JUST WHEN YOU THOUGHT IT WAS SAFE...


I’m on holiday. I’ve stopped working, whatever that means, as my back, aching from brief gardening, mutters. So no more blogs for a week then…
………………..

But the discovery of a new life changes perspective. It includes having my eyes wide open, imitating Omar Sharif under the unaccustomed anvil of sun and the indulgence of reading stories (currently the Hypnotist, a Nordic noir offering from Lars Keppler, the Demonologist by Andrew Pyper and a couple of Donna Leon’s.)

I’ve lost myself in a kind of literary autopsy – blood, gore, entrails and lots of “!!!!!!! and …… and AAAAGGGHHHs.”

We all talk about the importance of storytelling yet don’t do it or respond to it nearly enough.


Mahyad Tousi CEO of BoomGen Studios (yes I know) said at a recent TED talk “stories help us remember, understand and think” and following a few days of letting the sunlight in I’m inclined to agree.

My three stories of the week are the one I read about the experiment to see how flowers respond to music. Plants were subjected to extended bouts of Black Sabbath, classical music, Cliff Richard and a silent control environment. Those subjected to heavy metal did best, bloomed more healthily and proved more resistant to disease, classical music did more than silence but nothing special but Cliff Richard singing managed to kill off all the plants. Boom boom! Great story.

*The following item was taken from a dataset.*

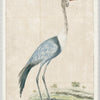 Art  - Gordon - Wattled Crane 1778 Framed w/glass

The second was a 70th birthday party I went to at the Constitutional Club in Lewes where some exceedingly old rock stars banged out stuff like My Generation:


“People try to put us d-down (Talkin' 'bout my generation)
Just because we get around (Talkin' 'bout my generation)
Things they do look awful c-c-cold (Talkin' 'bout my generation)
I hope I die before I get old (Talkin' 'bout my generation)”

The guy playing the harmonica was about 80 and they managed to make the Stones look youthful but they didn’t look “cold” they looked hot, happy and heavy. Rock on.

The third story is about the suggested death of journalism at the hands of social media junkies. The Huffington Post gets 70 million reader comments a year, employs 30 full time content moderators to deal with them and yet discovers the most frequent and opinionated of the comments come from just 40 people.

Maybe there are fewer storytellers than we’d thought.

Once upon a time I must write a blog about that….when  I get back from a few days off.